Retirement Plans Work. Access Remains a Problem

Retirement Plans WorkBack in November 2014, I listed 5 reasons why the US Retirement System is working. Increasing average account balances and savings rates coming out of the 2008 market crash have in aggregate, improved the retirement readiness of the average American.

 The private retirement system is effective – for those who have access to it.

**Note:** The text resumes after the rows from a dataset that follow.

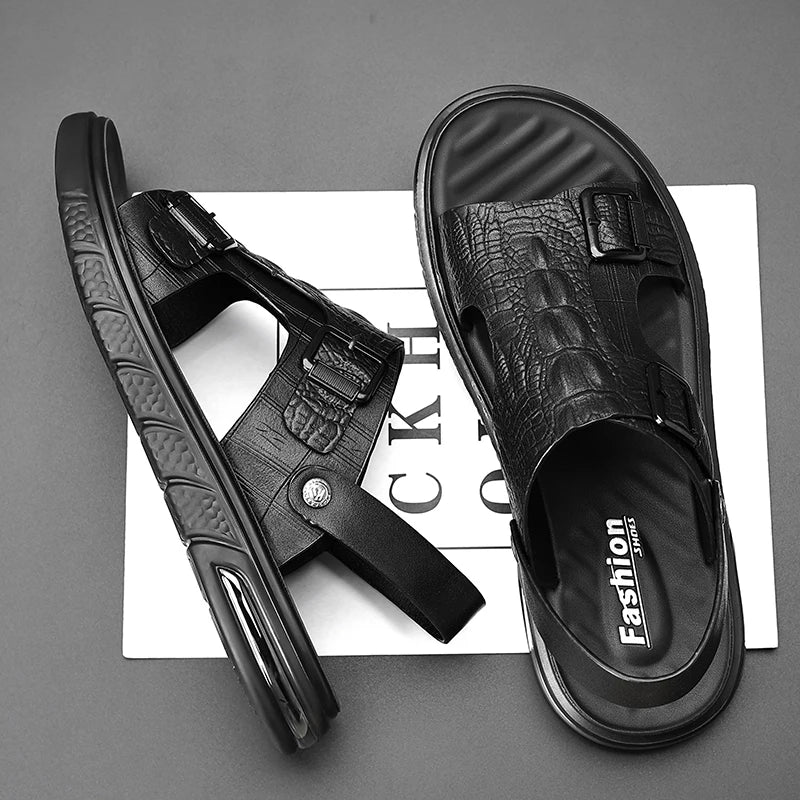 Sandalias para hombre al aire libre, zapatillas de verano al aire libre, zapatos de alta calidad, sandalias de cuero de verano 2025 para hombre, zapatos para caminar para hombre nuevo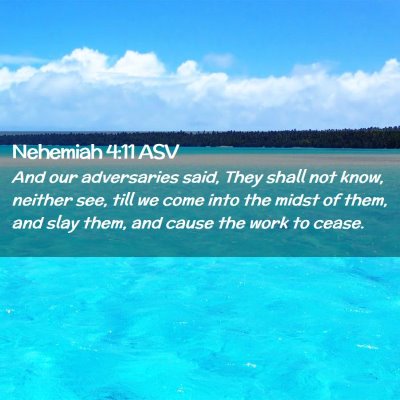 Picture 02 - Nehemiah 4:11 ASV - And our adversaries said, They shall not know, - Bible Verse Picture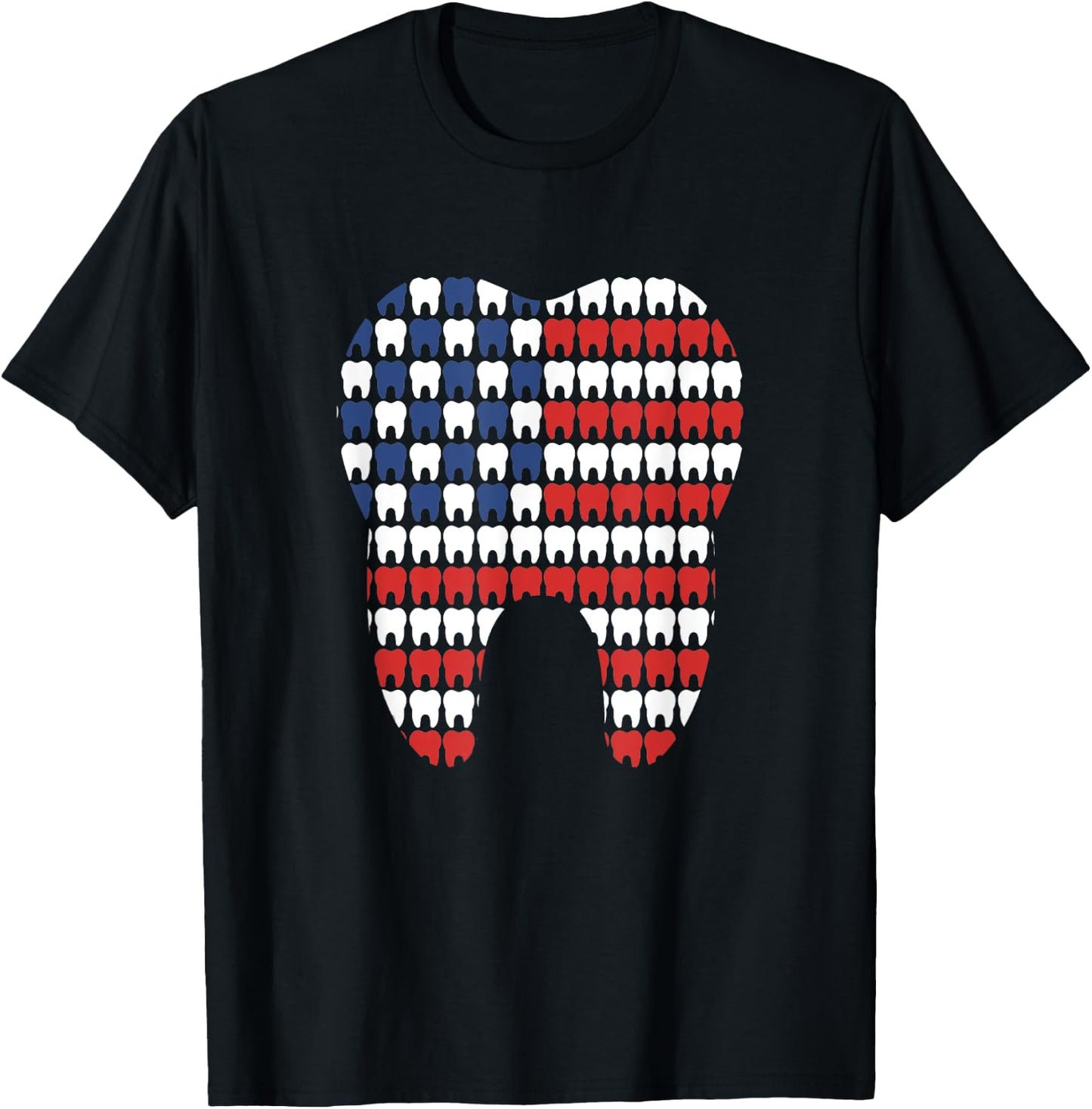 Patriotic Dentist American Flag Tooth 4th Of July Men Women T-Shirt - T-Shirt | Black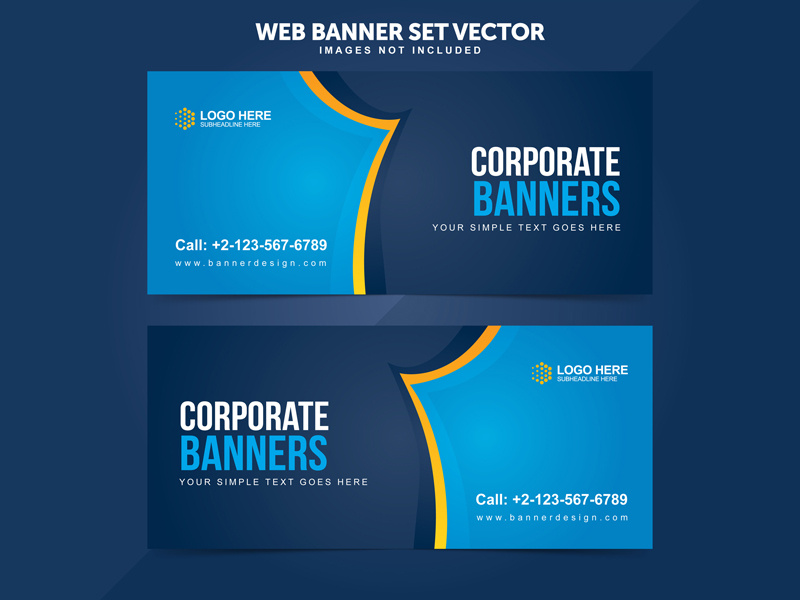 Business Web Banner Set Vector Templates 800x600 Business Web Banner Set Vector Templates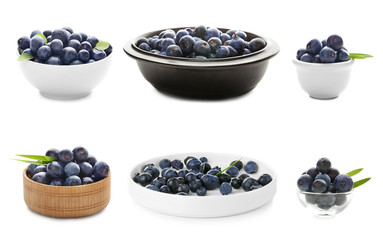 Collage of acai berries in different dishware on white background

Retirement plan access is the Achilles heel of the current private retirement system.  Only about half of all American workers have access to a payroll deduction retirement savings plan at work.  For part-time workers, fewer than four in ten have the opportunity to save through a workplace plan.

 The tax code does permit any employee not eligible for an employer sponsored retirement plan to contribute on a pre-tax basis to an Individual Retirement Account (IRA).  Unfortunately, the IRA alternative has a few holes:

  1. People don’t use it (estimates are that less than 5% of the eligible populations contribute to an IRA)
  2. Even those that do, have far lower limits on how much they can defer                                                     (For 2015: $18,000 in an employer qualified plan vs. $5,500 in an IRA)

 The rapid expansion of automatic enrollment features in defined contribution plans has demonstrated the power of using behavioral finance tools in retirement plan design.  Contributory IRAs, even with higher limits, is not likely to solve the problem.

 This vacuum will be filled.  In the most recent State of the Union Address, the President promoted the Automatic IRA, where sponsors without qualified plans could begin making payroll deduction IRAs available with automatic enrollment features.  In our home state of Oregon, one of Treasurer Ted Wheeler’s priorities includes creating a state-run IRA savings plan.

 The financial services industry seems terrified of public alternatives to the current private retirement system.  However, the lack of access among small employers and excessive fees for many that do provide plans, are proof positive that something needs to change.  Shovels are great for digging holes.  But, that’s of little help to the landscaper digging postholes with a plastic spoon.